In a reversal of the stereotypical north-south tensions in Italy, the governor of Puglia urged northerners to stay away and not bring virus infections down south.

“Get off at the first railway station. Don’t take planes to Bari and Brindisi,” Gov. Michele Emiliano said in his dramatic appeal, citing two cities in Puglia with airports. “Turn around in your cars.”

By Sunday afternoon, residents of northern Italy remained confused.

Factory worker Luca Codazzi was set to come out of a two-week quarantine at midnight Sunday — but instead was facing new limits on his freedom.

The government decree “was badly written, there are very many interpretations," he said. “In theory, the cordon should go down at midnight. The problem is, there are various reasons one can travel” within Lombardy, but those reasons aren’t clear, he said. He still doesn't know whether his factory will be open Monday.

Elsewhere, the virus outbreak has left the cruise ship industry in disarray.

The Grand Princess cruise ship, where 21 people have tested positive for the virus, was heading Sunday to Oakland after idling off San Francisco for days. It expects to reach port on Monday. Dozens of Americans will be transferred to a military base outside Atlanta for testing, but it's not yet clear what will happen to passengers from other countries. The ship had a cluster of almost 20 infections during an earlier voyage that has led to one death.
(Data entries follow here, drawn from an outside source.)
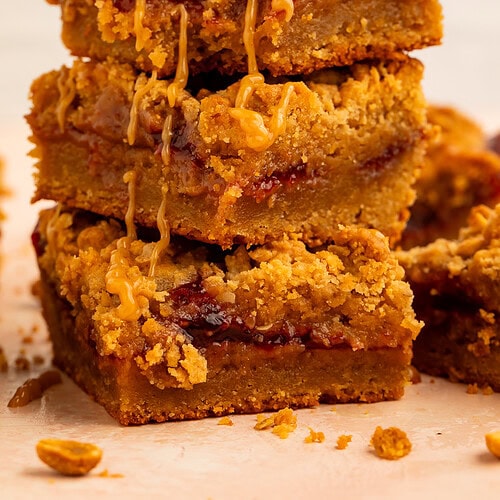 Stack of peanut butter and jelly bars topped with a peanut butter drizzle.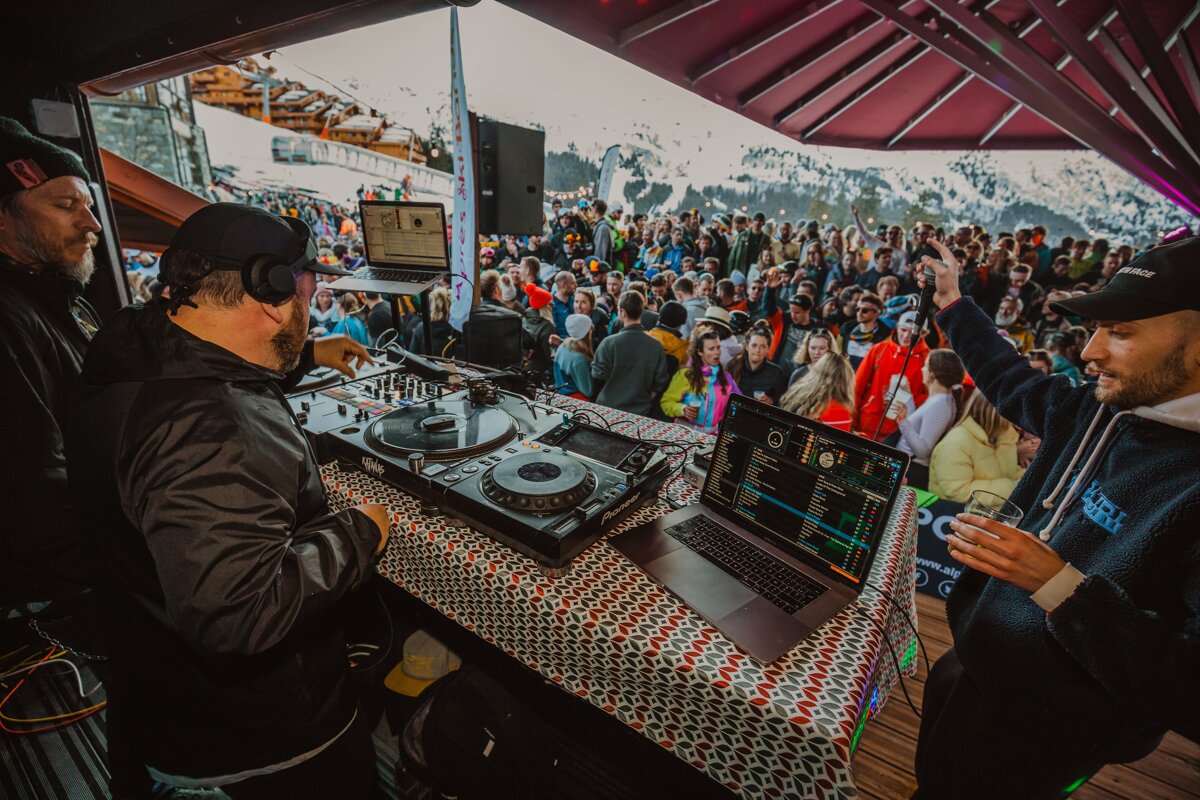 A dj playing music in front of a crowd wearing a hoodie that says ' abercrombie & fitch ' on it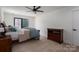 Cozy bedroom with neutral tones, a ceiling fan, carpet and a window to bring in natural light at 140 Robin Rd, Lincolnton, NC 28092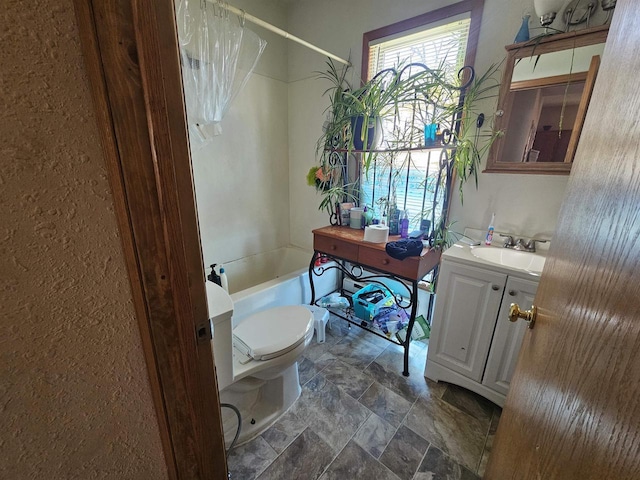 full bathroom with stone finish flooring, vanity, toilet, and shower / bath combo with shower curtain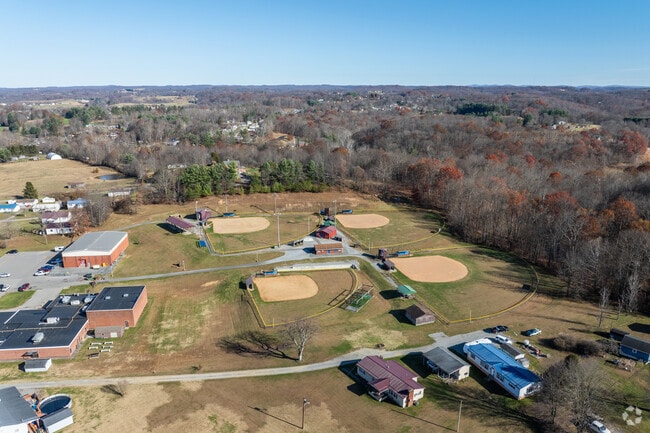 The students attending Tennerton Elementary School have fun playing ball on the baseball diamonds behind the school.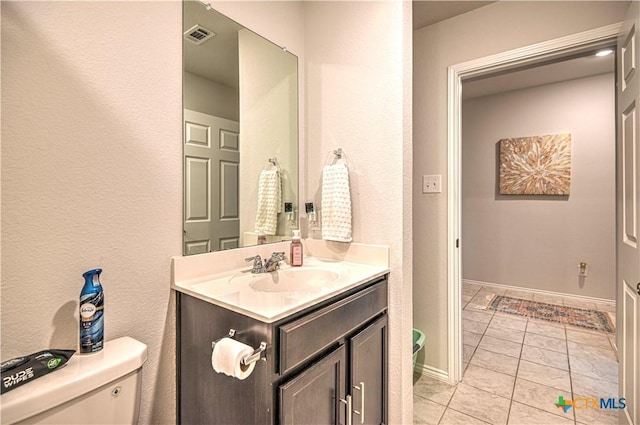 4001 Arafel Ln, Killeen, TX 76542 - bathroom with tile patterned floors, toilet, visible vents, baseboards, and vanity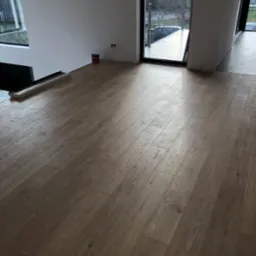 Ułożone panele podłogowe w jasnym odcieniu drewna w nowoczesnym wnętrzu z dużym oknem, widoczna puszka z farbą przy ścianie.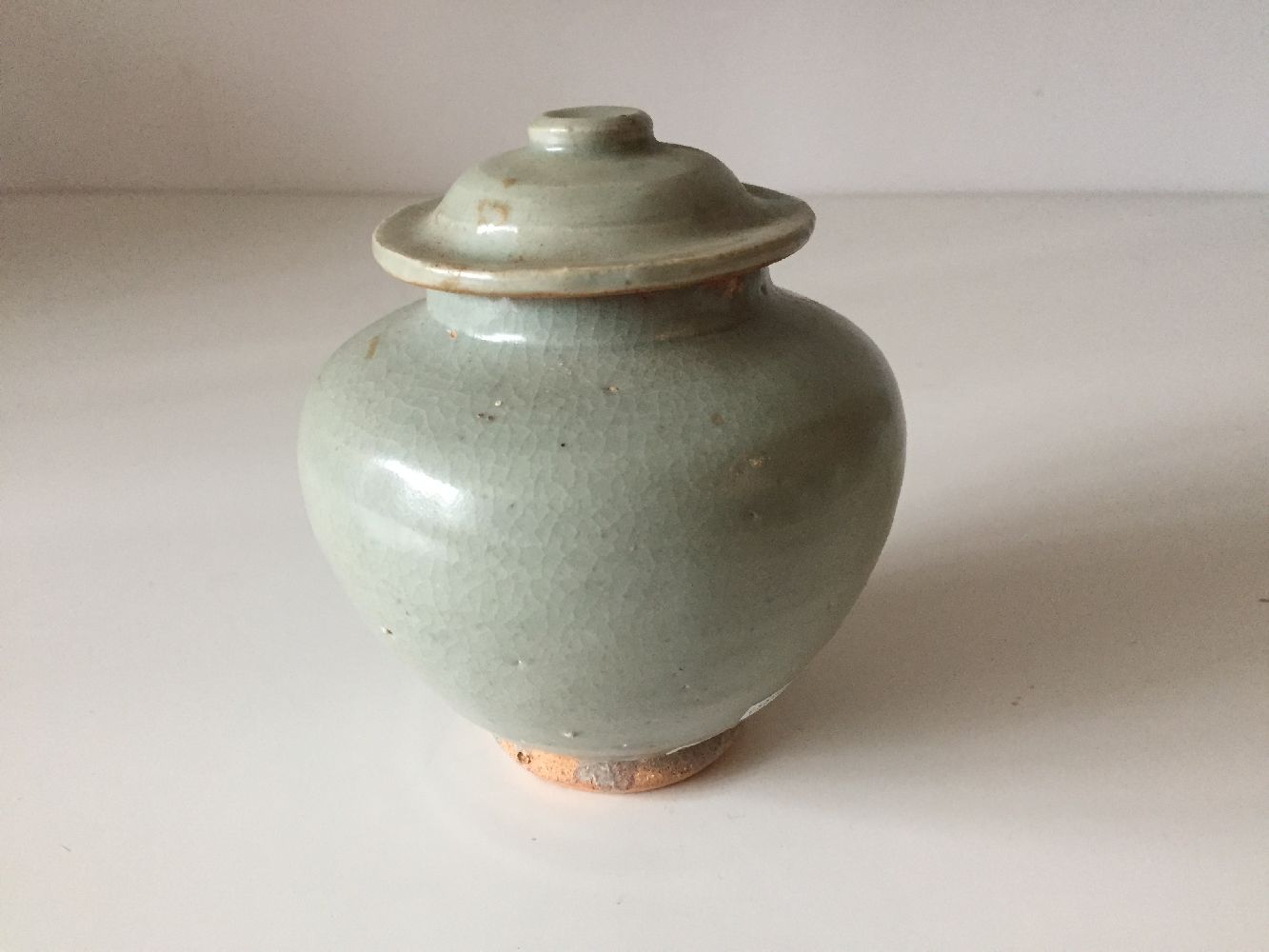 A Chinese pottery jar and cover, 15th century, covered in a greyish-green glaze, 12cm highPlease - Image 3 of 6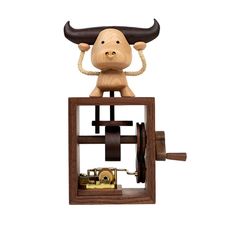 a wooden clock with a cow on top of it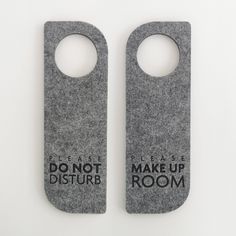 two door hangers that say don't disturb and make up room on them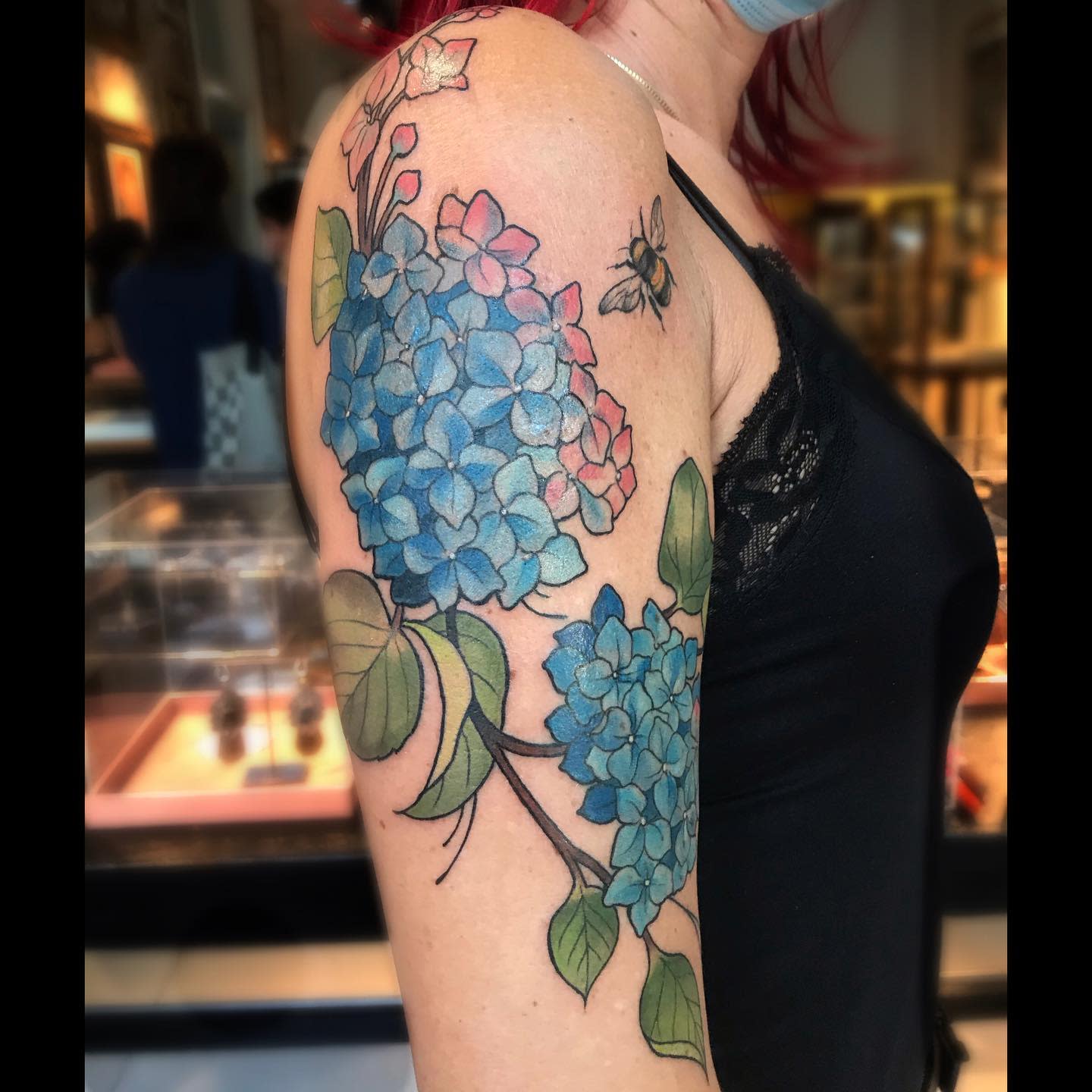 Upper arm tattoo of a blue hydrangea flower with a bee tattoo beside it
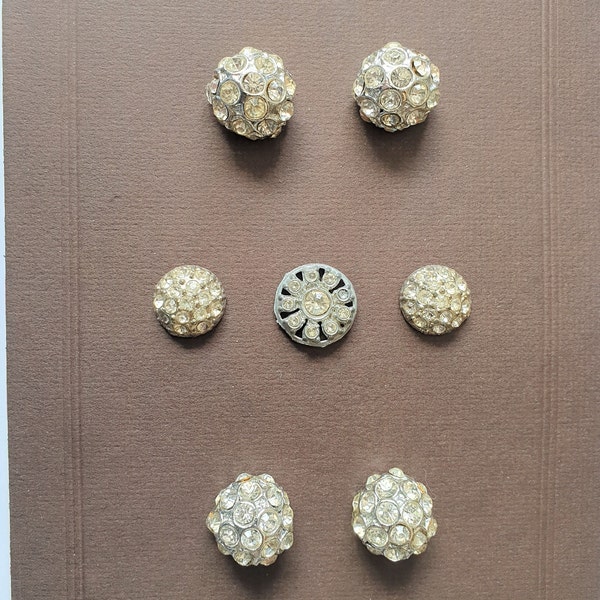 7 boutons en pâte blanche sur métal. 4 boules de 13/16", 2 bombées de 5/8" et 1 filigrane de 3/4". Tige en boucle en métal. Années 1950. Pâte 64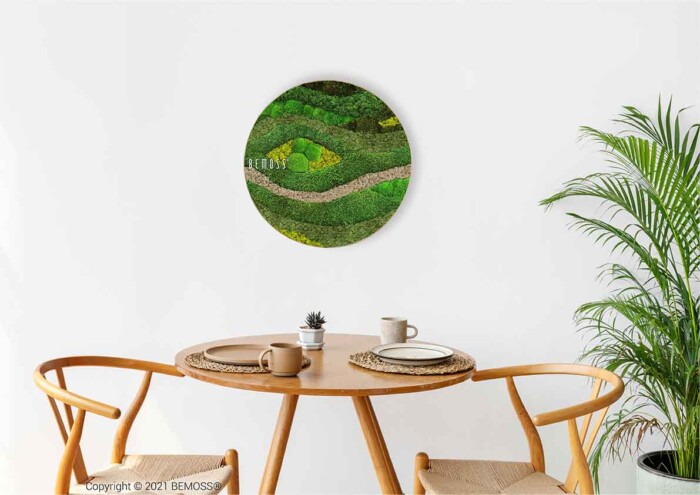 Ein Tisch mit zwei Stühlen und einer Topfpflanze darauf in einem Raum mit einer weißen Wand und einem runden Gemälde, moosbild, mooswand, moos pflanzen, moos, moos deko, moos art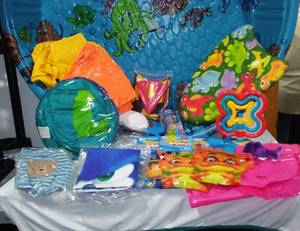 lot 25 image: Childrens Pool, Sprinkler, Sonic, Mickey Mouse and More.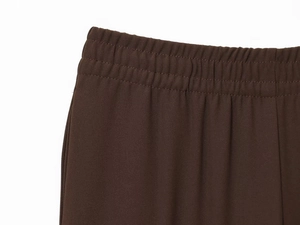 Gros plan sur la taille élastique et le tissu texturé de ce pantalon marron foncé fluide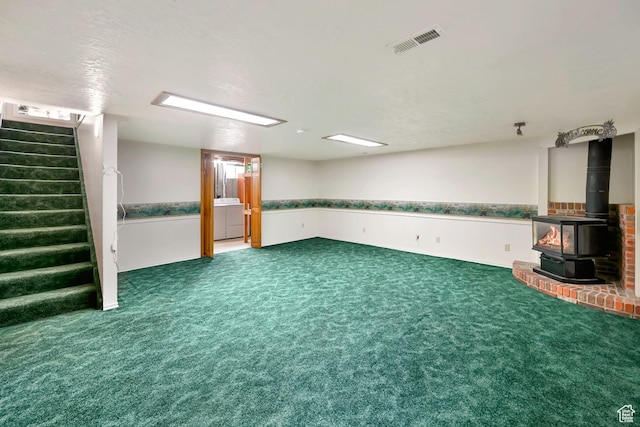 421 S 90 W, Richmond, UT 84333 - finished basement featuring stairs, a wood stove, carpet floors, and washer and clothes dryer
Another cruise ship is in quarantine on the Nile in Egypt with 45 confirmed virus cases. Two other ships with no confirmed cases were turned away this weekend from Malaysia and Malta amid virus fears.

The U.S. Centers for Disease Control and Prevention urged older adults and people with severe medical conditions to "stay home as much as possible" and avoid crowds. A federal official told the Associated Press that the White House had overruled health officials who wanted to recommend that elderly and sick Americans not fly on commercial airlines too. A spokesman for U.S. Vice President Mike Pence denied that.

The U.S. death toll from the virus climbed to 19, with most victims in Washington state. Infections rose to over 430, including the first case in the nation’s capital.

As the virus spreads, dozens of research groups around the world are racing to create a vaccine.

As of Saturday, nearly 90,000 cases have been reported in Asia; nearly 10,000 in Europe; about 7,000 in the Mideast; around 450 in North America, Latin America and the Caribbean, and fewer than 50 cases reported so far in Africa. More than 60,000 people have recovered worldwide.

China on Sunday reported 44 new cases over the past 24 hours, the lowest level since it began publishing nationwide figures on Jan 20, and 27 new fatalities. South Korea reported 272 new cases, taking its total to 7,313, with 50 deaths overall.